=== About this task ===
From the line containing "Brilliant Linear Pendant" down to the line containing "a group of benches", copy out the entries below exactly, both lines included, and nothing else; pictures do not belong in the copy.

=== Source material ===
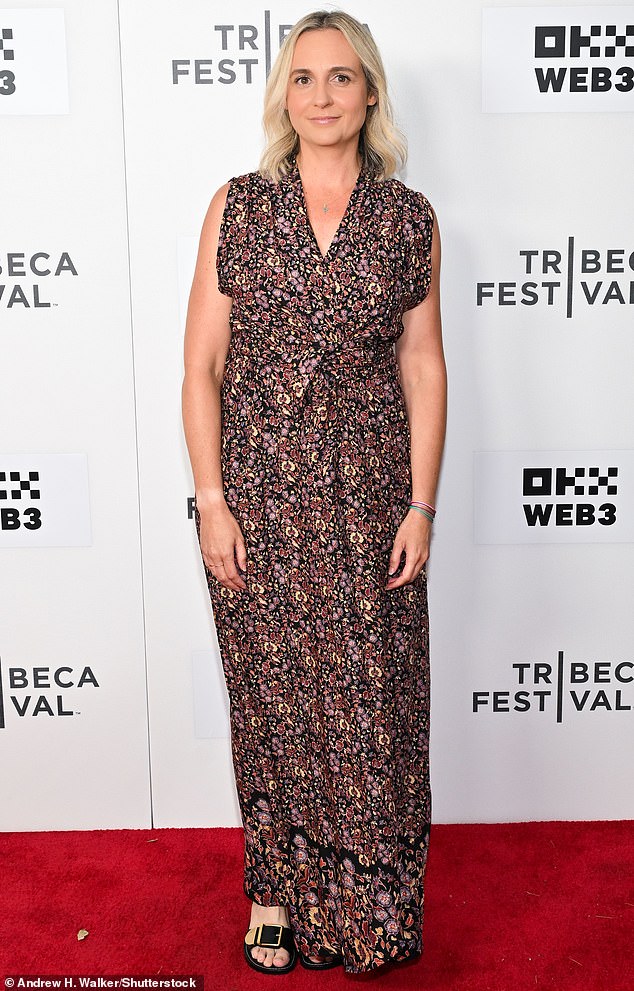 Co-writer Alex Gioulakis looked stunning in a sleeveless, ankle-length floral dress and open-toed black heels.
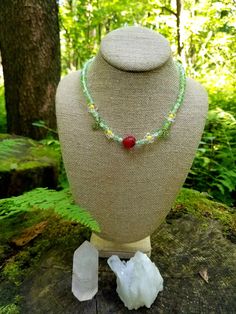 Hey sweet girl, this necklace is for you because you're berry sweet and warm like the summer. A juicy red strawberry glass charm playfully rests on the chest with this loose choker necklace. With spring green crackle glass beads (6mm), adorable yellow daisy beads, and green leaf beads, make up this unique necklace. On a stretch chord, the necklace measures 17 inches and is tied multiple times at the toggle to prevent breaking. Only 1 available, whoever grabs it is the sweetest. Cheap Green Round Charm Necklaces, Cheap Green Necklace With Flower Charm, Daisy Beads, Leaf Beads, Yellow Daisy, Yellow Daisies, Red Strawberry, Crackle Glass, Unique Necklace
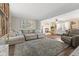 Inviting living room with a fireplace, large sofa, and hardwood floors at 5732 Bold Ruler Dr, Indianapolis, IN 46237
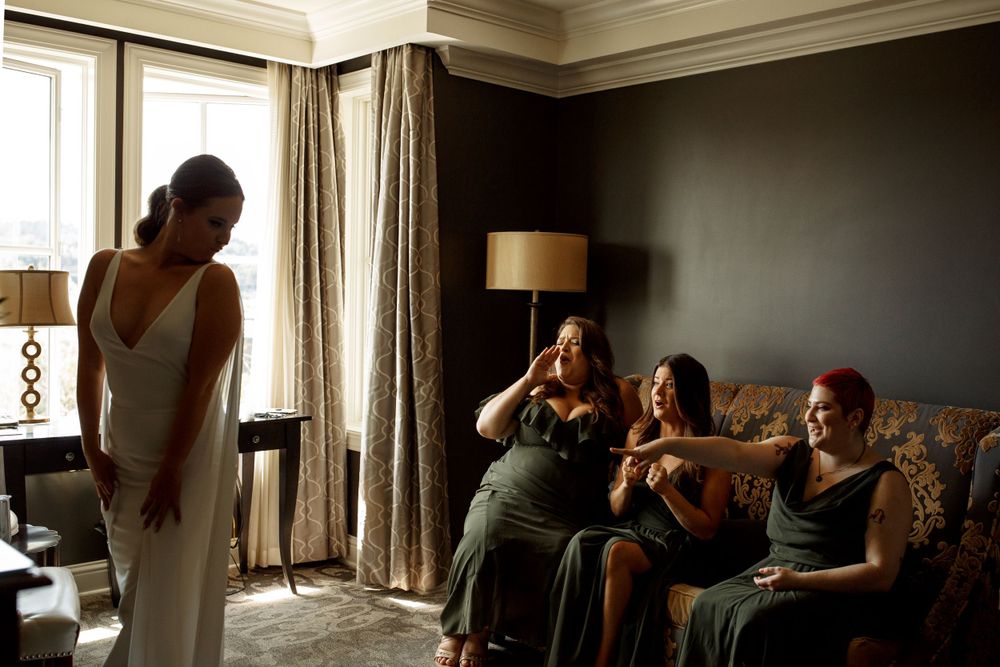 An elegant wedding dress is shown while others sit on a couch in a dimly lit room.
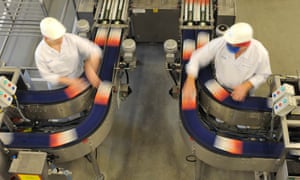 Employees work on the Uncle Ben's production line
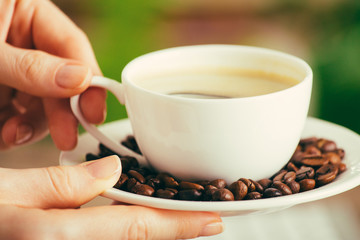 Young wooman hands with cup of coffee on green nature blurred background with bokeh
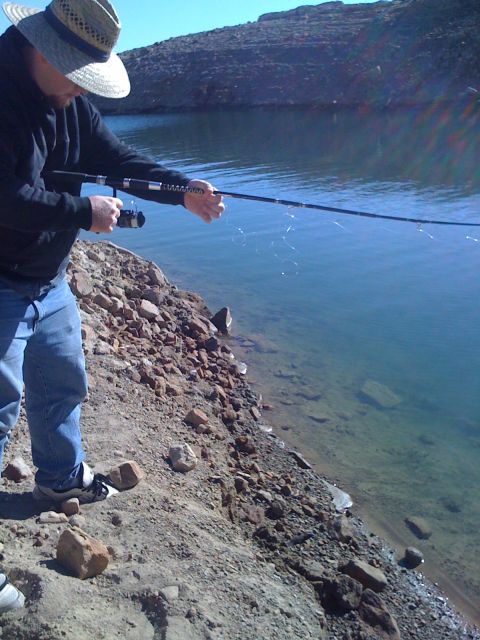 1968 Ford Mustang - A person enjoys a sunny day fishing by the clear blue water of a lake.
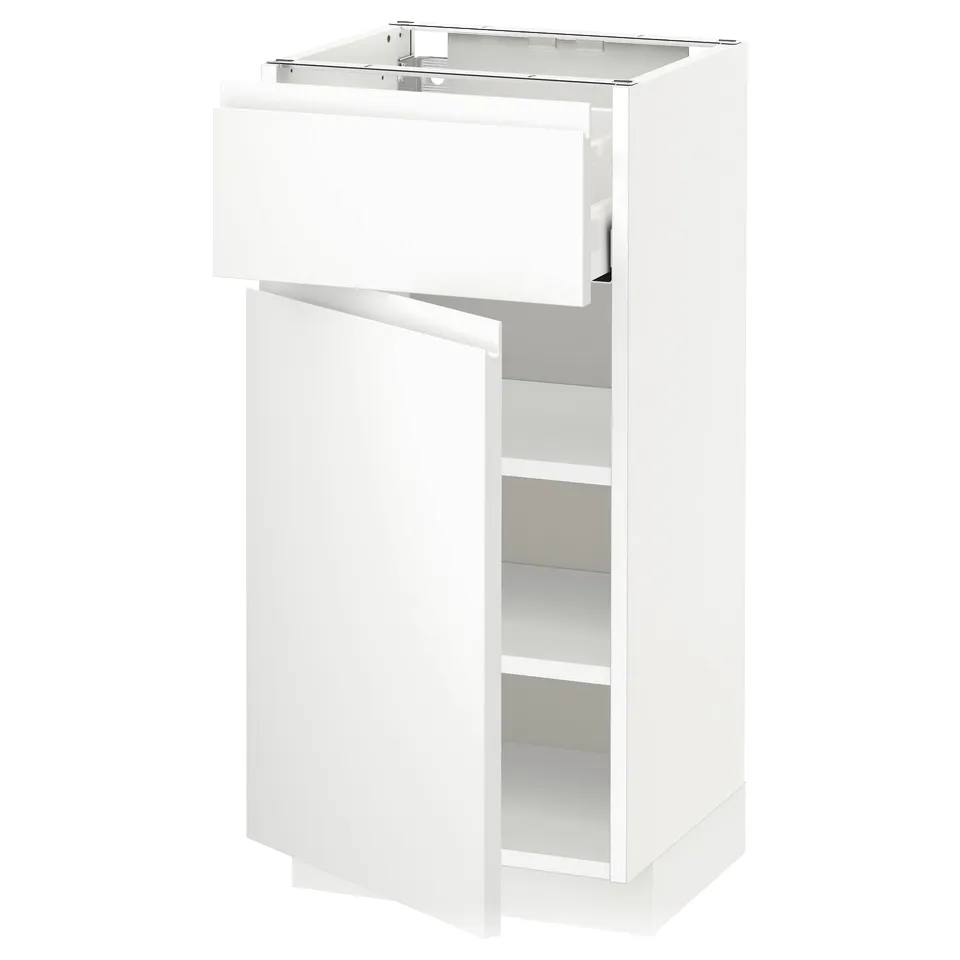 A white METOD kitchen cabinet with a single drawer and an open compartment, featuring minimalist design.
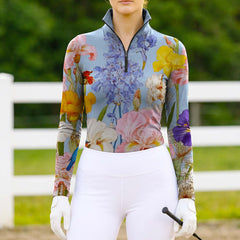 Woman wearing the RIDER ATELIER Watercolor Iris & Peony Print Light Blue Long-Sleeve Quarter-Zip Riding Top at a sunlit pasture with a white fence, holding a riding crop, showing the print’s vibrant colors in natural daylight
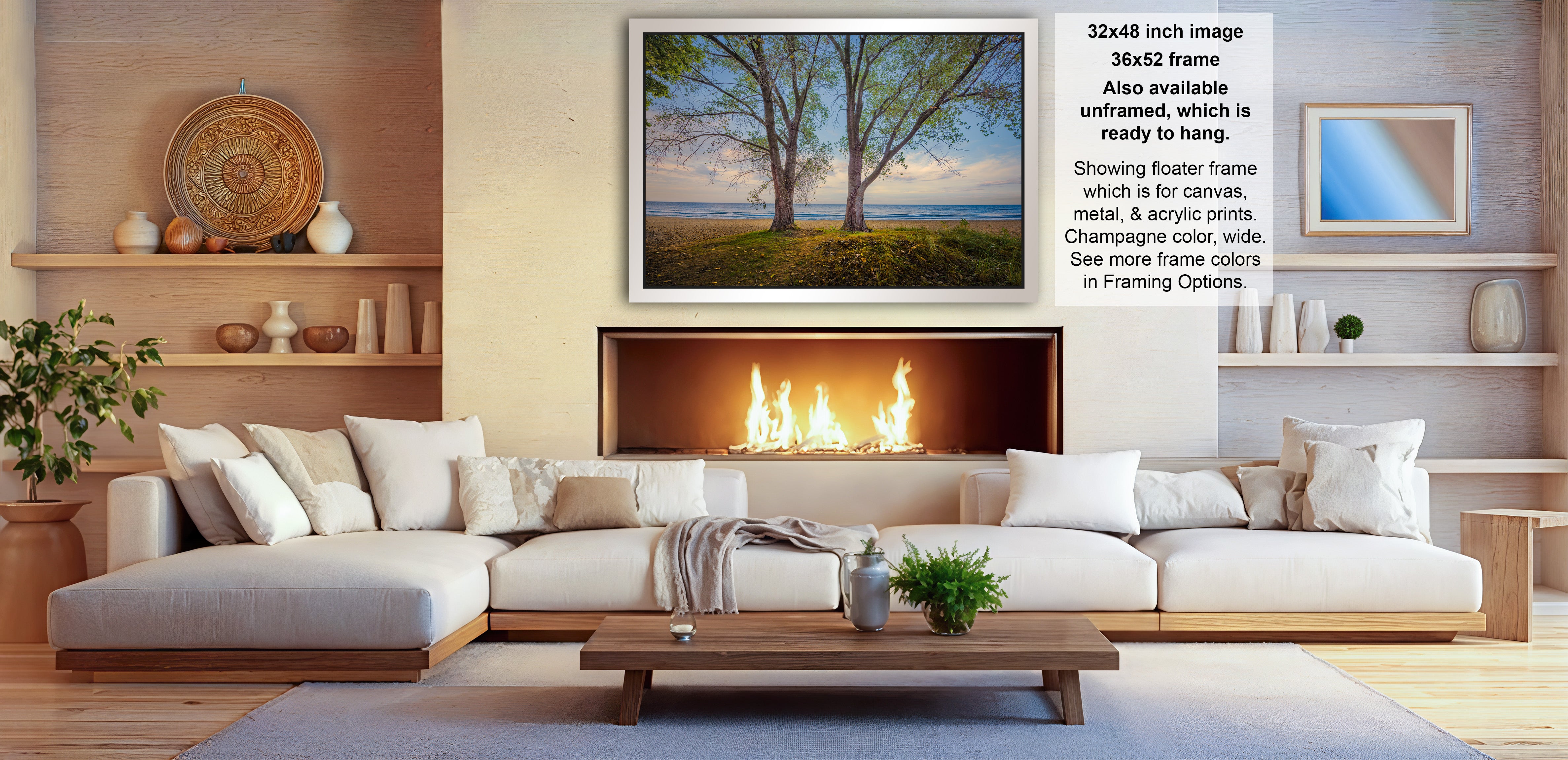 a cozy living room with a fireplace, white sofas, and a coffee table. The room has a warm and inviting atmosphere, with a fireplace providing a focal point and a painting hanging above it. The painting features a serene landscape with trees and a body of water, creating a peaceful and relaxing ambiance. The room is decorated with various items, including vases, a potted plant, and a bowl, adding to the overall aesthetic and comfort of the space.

--

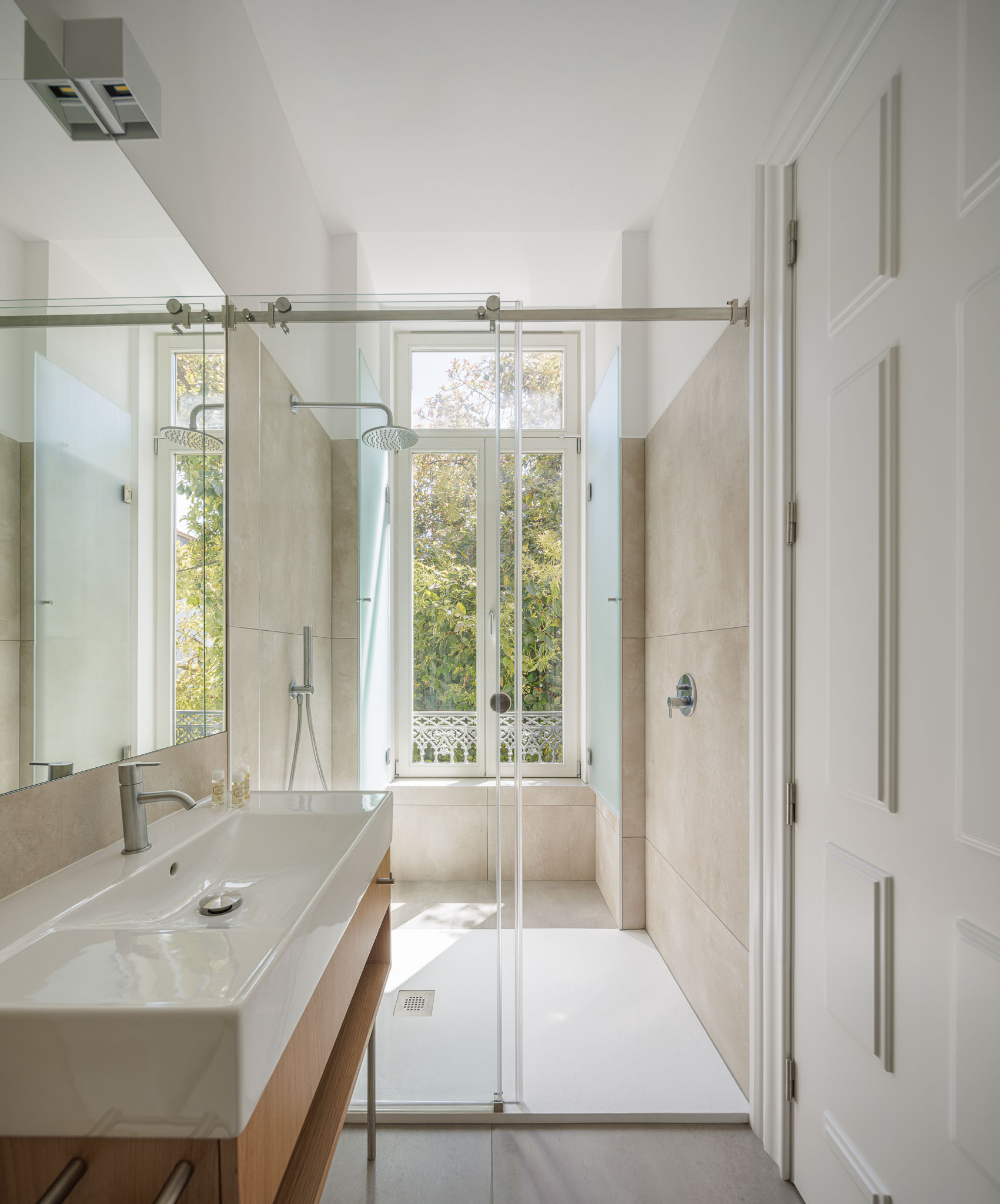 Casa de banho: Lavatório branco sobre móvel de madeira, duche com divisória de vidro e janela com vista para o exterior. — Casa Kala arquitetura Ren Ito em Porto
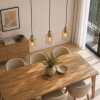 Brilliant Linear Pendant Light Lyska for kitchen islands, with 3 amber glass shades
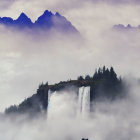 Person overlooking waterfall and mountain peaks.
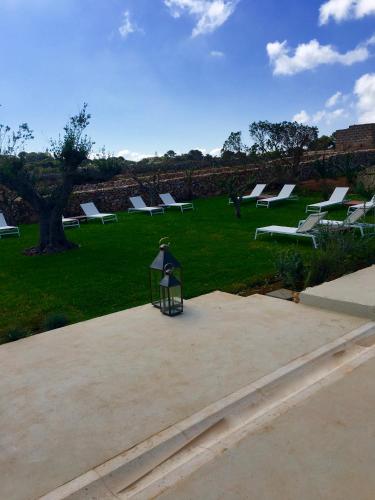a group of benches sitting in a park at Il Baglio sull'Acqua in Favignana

=== Solution for this problem ===
 Brilliant Linear Pendant Light Lyska for kitchen islands, with 3 amber glass shades
 Person overlooking waterfall and mountain peaks.
a group of benches sitting in a park at Il Baglio sull'Acqua in Favignana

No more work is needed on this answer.